Give back every line of the material exactly. Skip the pictures.
[Input data Boundary: Start]
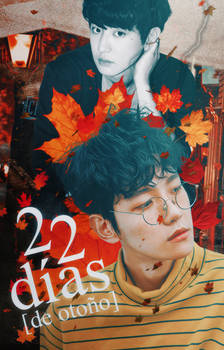 [wattpad cover] seasons #1  22 dias de otonio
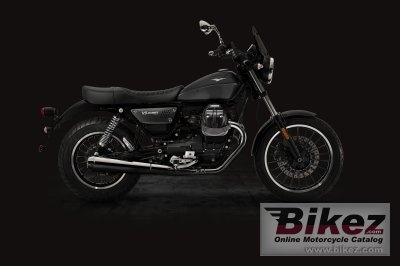 2018 Moto Guzzi V9 Roamer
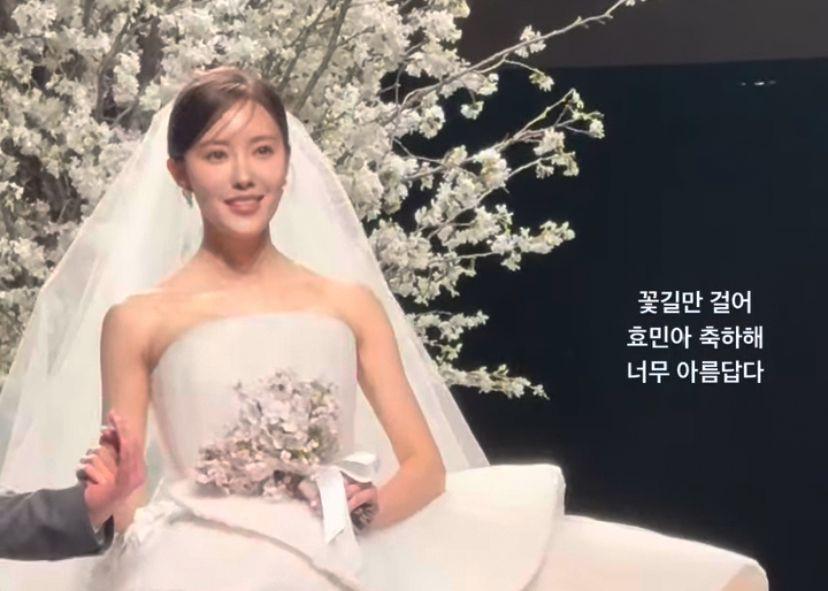 Potret Pernikahan Hyomin T-Ara, Dihadiri Im Siwan hingga Gummy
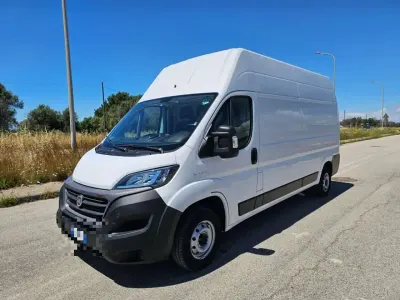 Usata Fiat Ducato 140 CV (102 kW) 2020 Bianco Furgone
[Input data Boundary: End]
**Solution for this problem:**
 [wattpad cover] seasons #1  22 dias de otonio
 2018 Moto Guzzi V9 Roamer
 Potret Pernikahan Hyomin T-Ara, Dihadiri Im Siwan hingga Gummy
 Usata Fiat Ducato 140 CV (102 kW) 2020 Bianco Furgone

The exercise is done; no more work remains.